In the past, computing peripherals have been split into three main categories; premium and niche products, mass produced equipment for offices and school, and ergonomic. What Logitech has elegantly done with the MX vertical, is mix premium materials and parts with a van-load of research about how us mortals interact with technology, in this case via a mouse.

The MX vertical is largely accepted as the best vertical mouse on the market. That being said, its new approach angle of 57 degrees isn’t for everyone. Some of those who tested it here at Modern Work said that the 57 degree angle was putting an uncomfortable strain on their arms.

Weather this is down to just not being used to it or a disposition, we’ll never know. Personally, however, I can’t complain about the angle or ergonomics of the mouse. I would have liked to see a slightly softer rubberised texture on the contact points for my thumb and little finger as I wasn’t fully confident I wouldn’t drop it when picking it up to move my cursor over multiple screens.

I also found that with larger hands its typical for my pinkie finger to contact the desk, occasionally causing friction.
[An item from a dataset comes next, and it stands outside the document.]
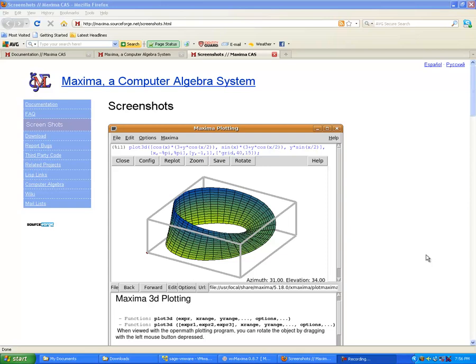Hello and welcome to another exciting edition of Mathematics. This is Matrices. My name is Nate Nessler and this is for Hyperactive Studios.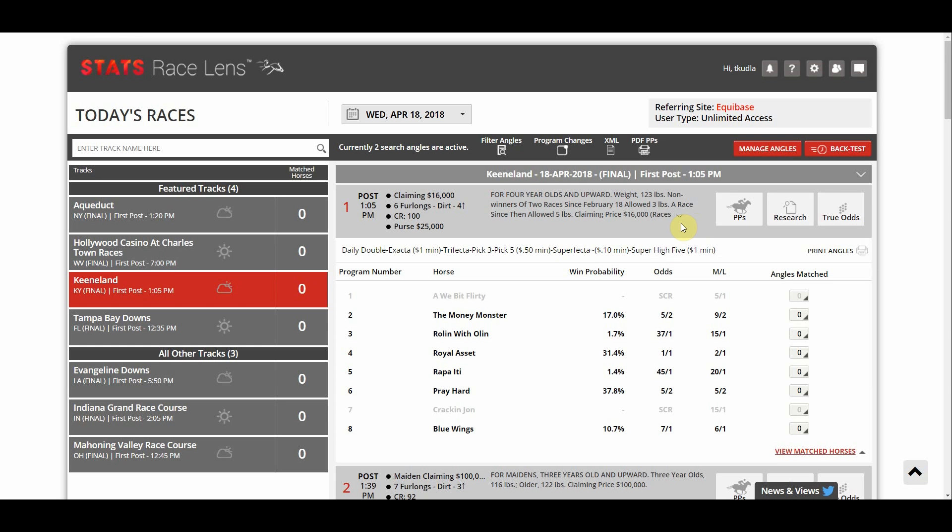Hello and welcome to Stats Race Lens. Today we're going to go over customized past performances and how to use templates within customized PPs in Stats Race Lens.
This may all sound a bit nit-picky, but we’re talking about a computer mouse that costs two overpriced coffees shy of £100, which is quite the price tag for a mouse.

The mouse is wireless and can interact with the computer over bluetooth or over Logitech’s own unifying technology, which has proved to be vastly superior for this application. To charge, the MX vertical uses the new USB standard — the USB-C connector — which also converts it into a more traditional wired mouse while it charges, a common but useful feature. 

The MX vertical boasts a 4,000 DPI high-precision sensor, something that people with a preference for ultra-high mouse sensitivity and accuracy will appreciate.

In summary, the MX vertical has proved it self to be a high quality, well researched ergonomic mouse. It may not be for everyone, so I’d recommend giving it a test before you buy, if you can. Would I get one myself? If I found myself interacting with my computer for longer periods of time, I’d definitely consider it as a top rank contender as a sleek ergonomic mouse.